Step 1 :We are given the following data for the test and control groups: \(\bar{x}_{1}=60\), \(s_{1}=9.8\), \(n_{1}=61\) for the test group and \(\bar{x}_{2}=55.5\), \(s_{2}=6.4\), \(n_{2}=41\) for the control group.
Step 2 :We are asked to test the claim that the population mean for those using the new materials (test group) is higher than the mean of students using the traditional materials (control group), using a level of significance of 0.1.
Step 3 :The type of test to be used in this problem is a test for the difference between two means.
Step 4 :The null hypothesis for this test is that the population means of the test group and the control group are equal.
Step 5 :The alternative hypothesis for this test is that the population mean of the test group is greater than the population mean of the control group.
Step 6 :The original claim is located in the alternative hypothesis.
Step 7 :We calculate the test statistic using the formula: \(t = \frac{\bar{x}_{1} - \bar{x}_{2}}{\sqrt{\frac{s_{1}^{2}}{n_{1}} + \frac{s_{2}^{2}}{n_{2}}}}\).
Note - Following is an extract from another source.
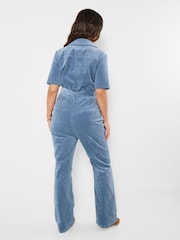 Joe Browns Blue Pixie Stretch Cord Jumpsuit - Image 4 of 5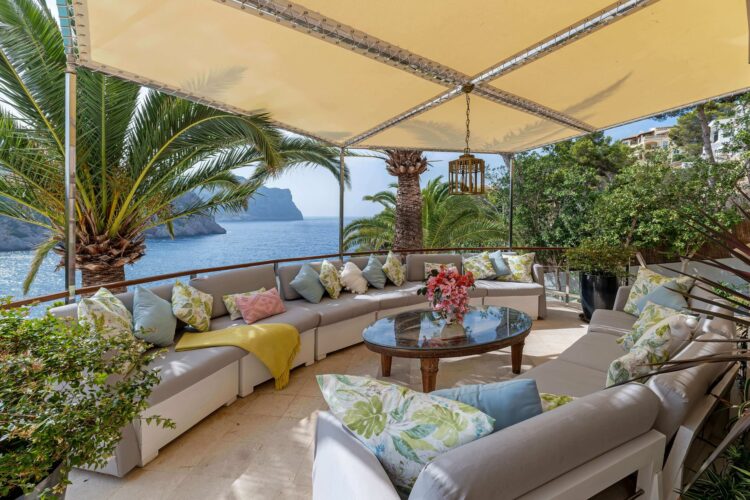 Villa Port Andraxt View Luxus Ferienhaus Mallorca Outdoor Lounge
Substituting the given values, we get \(t \approx 2.81\).
Step 8 :We calculate the degrees of freedom as \(df = n_{1} + n_{2} - 2 = 100\).
Step 9 :We calculate the p-value using the t-distribution table or a statistical software. The p-value is approximately 0.0030.
Step 10 :Since the p-value is less than the level of significance (0.1), we reject the null hypothesis. This suggests that the population mean for those using the new materials is higher than the mean of students using the traditional materials.
Step 11 :The final answer is: The test statistic is approximately \(\boxed{2.81}\) and the p-value is approximately \(\boxed{0.0030}\).